Tricep Dumbbell Extensions 3 sets: 15 reps
Day 2 - Back/Biceps:
Deadlifts 5 sets: do 3 sets with the same weight for 8 reps, then move the weight up a little and do 2 more sets of 5 reps
Dumbbell Rows 3 sets: 2 sets of 15 reps focusing on form then another set with a bit higher of weight and usually around 12 reps
Vertical Rows 3 sets: pyramid up in weight and go from about 12 down to 8 reps
Widegrip chins 5 sets: I have to use the assist machine and I go until failure each set
Lat Pulldowns 4 sets: I do 15 reps a set and I superset these with machine barbell curls
Cable Machine Barbell Curls 4 sets: First set I do a heavy weight and about 12-10 reps and try to get a really good pump (I usually have to cheat on the last few) then I lower the weight a little and do 3 more sets for 15 reps
Alternate Dumbbell Curls 3 sets: 12 reps an arm or until failure
Inside Grip Preacher Curls 3 sets: 12 reps a set and then the last set I do a stagger set until complete failure
Day 3 - Legs/Shoulders
Squats 6 sets: 4 sets of 12 reps and then I put a little more weight on and do anywhere from 5-10 reps
Front Squats 2 sets: I try to do 12 reps but I really hate these and Im pretty uncomfortable with them, I always find holding the weight really awkward and I lean forward too far (any advice appreciated)

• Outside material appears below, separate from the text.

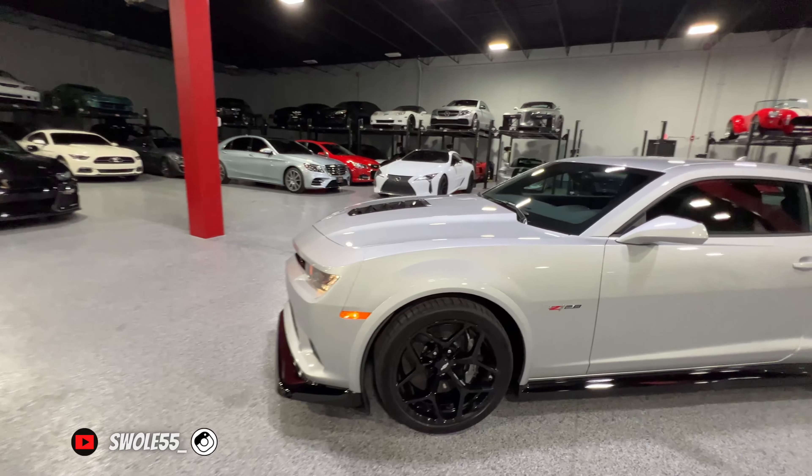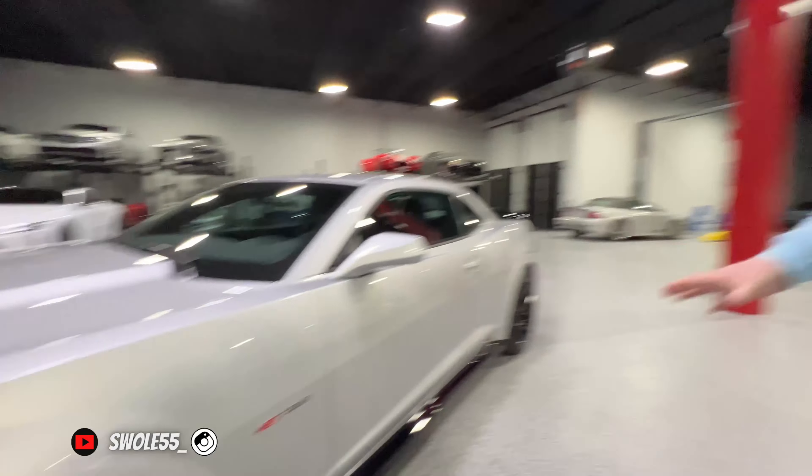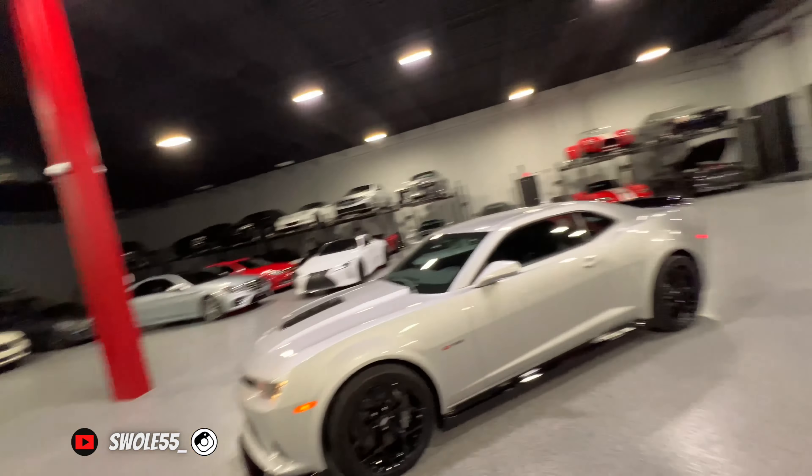The ZL1 has steel brakes — this thing has factory carbon ceramics. That just tells you what kind of car we're dealing with here. Z28, if I'm correct — correct me if I'm wrong — Z28 was the factory option code back in the 60s for a stripped-out Camaro with the biggest engine. It gave you the greater performance option; back then I believe it was the 427 engine. This car follows directly in line with that lineage.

Lunges 3 sets: 16 reps (8 a leg)
Step Ups 3 sets: 16 reps (8 a leg)
Hamstring Curls 5 sets: 15 reps a set, last set until failure
Push Press 3 sets: pyramiding up in weight reps go from 12 to 5-8
Arnold Presses 3 sets: 12 reps
Dumbbell Lateral Raises 3 sets: 15 reps a set, last set I stagger set until failure
Shoulder Press 3 sets: 15 reps a set, last set I stagger until failure
About shoulders, I think my front deltoid was progressing a lot faster than my rear so in the last couple of weeks I started doing Bent Over Dumbbell Lateral Raises.

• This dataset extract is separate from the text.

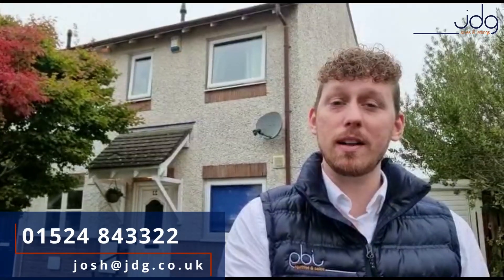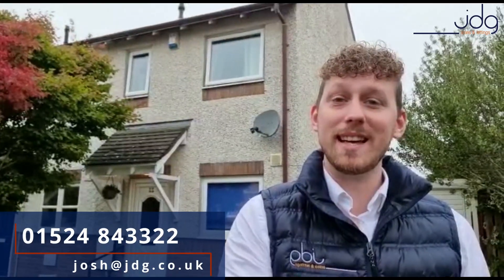If you're interested, give me a call on 01524 843322 or drop me an email at josh@jdg.co.uk. Thanks!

Oh and I should mention I do calves/forearms on one of the days when I feel like I have the energy after my workout.
Well that's my routine, it seems OK to me, I would like to try to find the weak points in it though and fix them. As a beginner I would like to start to build a good solid foundation before I start targeting individual muscles. Oh I should mention I was a chubby 185lbs with a bit of muscle before I started and now Ive bulked up to about 210lbs and I dont think Ive put on too much fat. I dont have my diet down to an exact science yet, I just kinda eat some protein/carbs every 3 hours or so and have a protein shake after the gym. I guess I eat about 5 meals a day (not including the shake) and I get my veggies in at dinner and lunch. Maybe in a later post in the Nutrition section I'll go over my exact diet (I dont have a food scale though I just kinda go by size). Anyways thanks for reading my post, hope it wasnt too long. I really hope you gym rats read it and can give me some good feedback! Thanks.
Edit: I guess I should mention my goals, they are pretty simple, to put on a fair amount of muscle mass (dont want to be HUGE though) and to look good come summer time, the "ripped" look would be my goal I guess.